UF and MF membranes have been typically synthesized by phase inversion method due to cost effect mass production[5]. If the target materials could be dissolved in organic solvents, the pore is simply formed as mixing the poor solvents. This method is named as non-solvent induced phase inversion (NIPS). In case of some polymers such as polyethylene or polypropylene, it would be difficult to find proper organic solvent to dissolve them at room temperature. At this time, those polymers could be dissolved in diluents at high temperatures. Based on the thermodynamic, the phase separation takes place when the temperature is cooled until binomial points. This method is called as thermally induces phase separation (TIPS)[6,7]. Current commercialized MF and UF membranes are released using TIPS or NIPS. However, since both methods have been well known relatively, the technical barrier is relatively low. A novel technique to achieve a competitive price must be developed with well controllable pore size[8].

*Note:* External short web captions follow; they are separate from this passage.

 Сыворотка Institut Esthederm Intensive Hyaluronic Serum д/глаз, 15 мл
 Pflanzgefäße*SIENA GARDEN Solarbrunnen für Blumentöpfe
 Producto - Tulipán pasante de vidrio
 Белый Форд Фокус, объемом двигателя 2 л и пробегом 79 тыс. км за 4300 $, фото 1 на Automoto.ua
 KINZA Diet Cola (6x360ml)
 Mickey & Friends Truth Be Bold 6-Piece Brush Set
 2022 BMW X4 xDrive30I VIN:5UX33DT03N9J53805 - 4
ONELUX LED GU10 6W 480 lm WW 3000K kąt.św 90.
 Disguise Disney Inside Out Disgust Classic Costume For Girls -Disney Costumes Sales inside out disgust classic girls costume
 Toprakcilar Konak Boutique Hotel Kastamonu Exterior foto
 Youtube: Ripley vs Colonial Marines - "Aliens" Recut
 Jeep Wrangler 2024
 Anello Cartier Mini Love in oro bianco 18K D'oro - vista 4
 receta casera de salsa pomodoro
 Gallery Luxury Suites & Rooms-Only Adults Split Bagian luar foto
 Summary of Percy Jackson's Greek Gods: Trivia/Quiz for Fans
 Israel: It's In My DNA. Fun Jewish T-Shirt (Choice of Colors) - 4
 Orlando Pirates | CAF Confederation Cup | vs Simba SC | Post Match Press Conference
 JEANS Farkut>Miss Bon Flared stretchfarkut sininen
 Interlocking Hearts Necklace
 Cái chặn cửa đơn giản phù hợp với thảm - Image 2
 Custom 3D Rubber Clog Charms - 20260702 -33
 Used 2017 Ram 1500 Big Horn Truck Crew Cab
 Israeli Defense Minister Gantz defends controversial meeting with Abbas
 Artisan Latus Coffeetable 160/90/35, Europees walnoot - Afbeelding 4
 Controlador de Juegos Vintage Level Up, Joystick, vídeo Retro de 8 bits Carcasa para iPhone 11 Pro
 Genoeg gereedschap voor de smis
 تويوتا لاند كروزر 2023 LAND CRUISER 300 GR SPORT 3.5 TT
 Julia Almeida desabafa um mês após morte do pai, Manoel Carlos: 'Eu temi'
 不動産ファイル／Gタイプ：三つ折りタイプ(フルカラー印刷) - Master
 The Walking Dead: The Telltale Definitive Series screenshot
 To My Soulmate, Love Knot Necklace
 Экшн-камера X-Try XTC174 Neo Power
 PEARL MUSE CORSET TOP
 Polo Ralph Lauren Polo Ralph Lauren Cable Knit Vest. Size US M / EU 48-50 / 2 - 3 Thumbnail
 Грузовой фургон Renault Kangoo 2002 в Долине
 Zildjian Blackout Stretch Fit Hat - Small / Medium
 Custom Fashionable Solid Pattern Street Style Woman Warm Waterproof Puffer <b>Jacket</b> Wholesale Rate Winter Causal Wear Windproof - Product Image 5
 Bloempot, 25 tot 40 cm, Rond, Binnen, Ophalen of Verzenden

As one approach, the amount of used materials must be minimized. The volume portion of solvents or diluents for NIPS and TIPS is around 80%[9-12]. They occupy around 50% in the production cost except for incidental expenses. Even though those solvent or diluent could be recyclable, those are wasted in most cases. Also, it takes at least 1 week to remove remained solvents and diluents or use pore-forming chemical agents such as glycerin. In addition, the coagulation liquids are also the additional cost. The additional process could also increase the production cost.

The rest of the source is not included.